What is needed is an exact copy of the records below, minus any pictures.

* * * * *

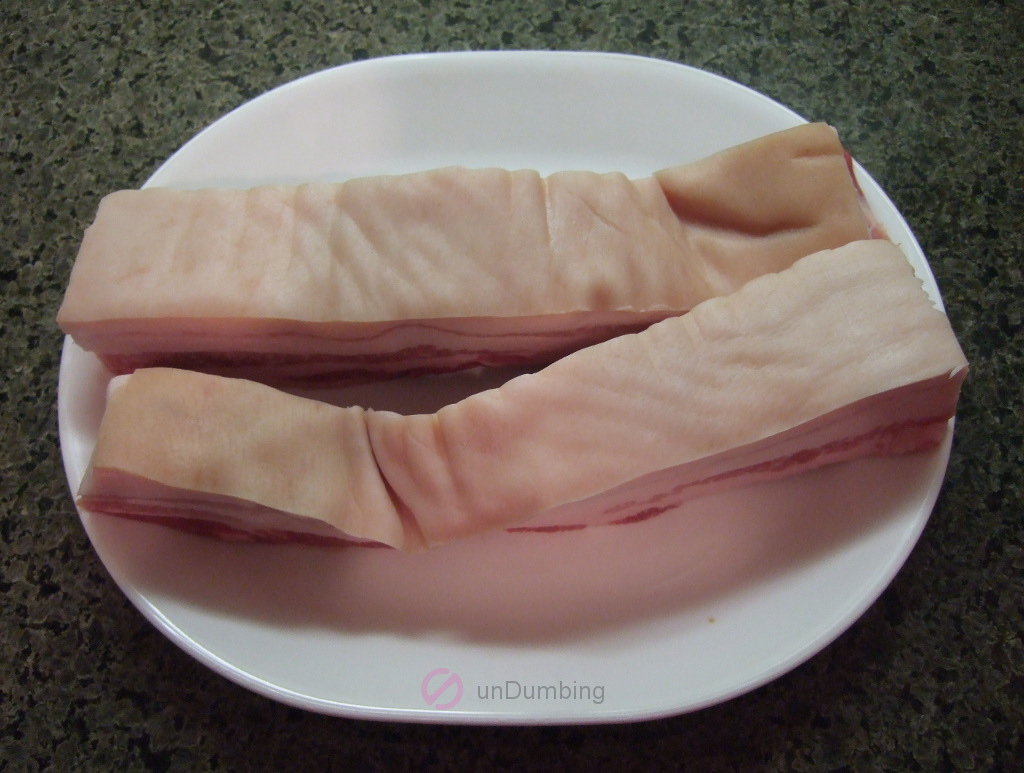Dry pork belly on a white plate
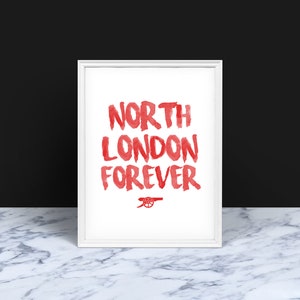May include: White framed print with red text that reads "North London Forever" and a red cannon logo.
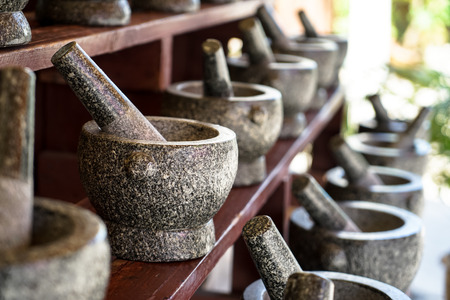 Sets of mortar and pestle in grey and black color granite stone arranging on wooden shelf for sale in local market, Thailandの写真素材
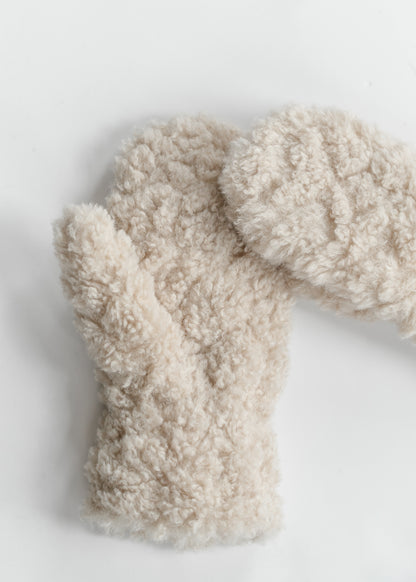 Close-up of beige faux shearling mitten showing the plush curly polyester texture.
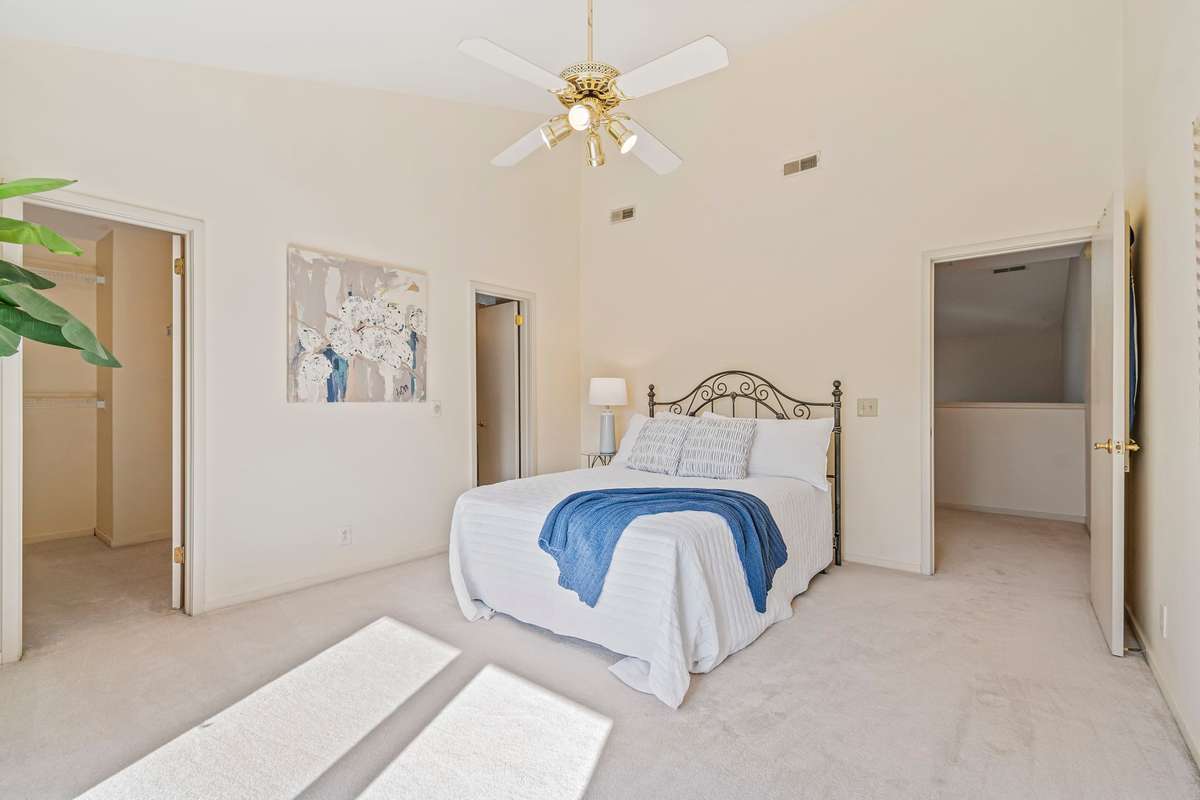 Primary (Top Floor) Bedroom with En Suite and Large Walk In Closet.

* * * * *

→ **Response to the task**
Dry pork belly on a white plate
May include: White framed print with red text that reads "North London Forever" and a red cannon logo.
 Sets of mortar and pestle in grey and black color granite stone arranging on wooden shelf for sale in local market, Thailandの写真素材
 Close-up of beige faux shearling mitten showing the plush curly polyester texture.
 Primary (Top Floor) Bedroom with En Suite and Large Walk In Closet.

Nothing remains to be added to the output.